**Task statement**
Images in the data are to be skipped, while every line is restated exactly as written.

**Source data**
──────
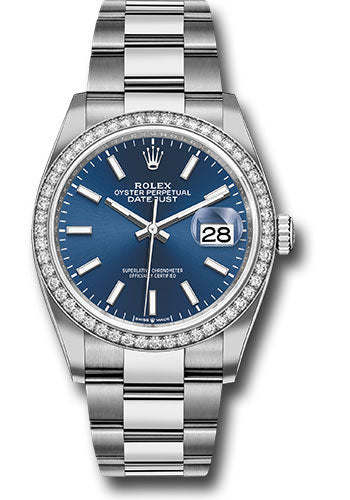 Rolex Stainless Steel And White Gold Datejust - 36 MM - Oyster Bracelet - Diamond Bezel - Blue Index Dial - 126284RBR blio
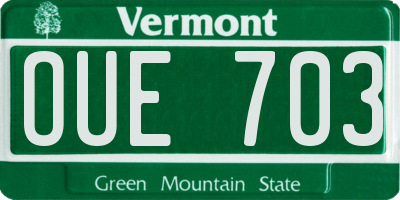 VT license plate OUE703
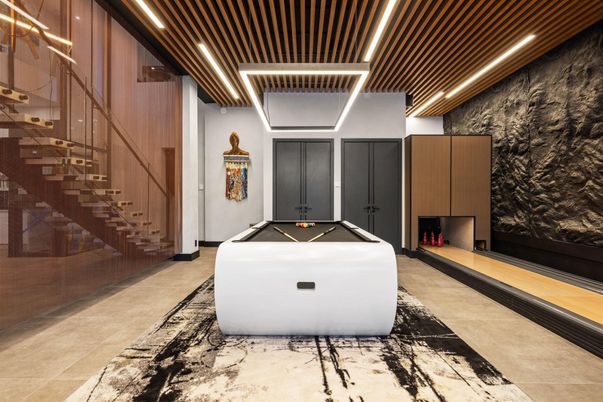 Billiard Table, Fireplace, Game Room, Interior, Recessed Lighting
──────
**Reply to the task**
 Rolex Stainless Steel And White Gold Datejust - 36 MM - Oyster Bracelet - Diamond Bezel - Blue Index Dial - 126284RBR blio
 VT license plate OUE703
 Billiard Table, Fireplace, Game Room, Interior, Recessed Lighting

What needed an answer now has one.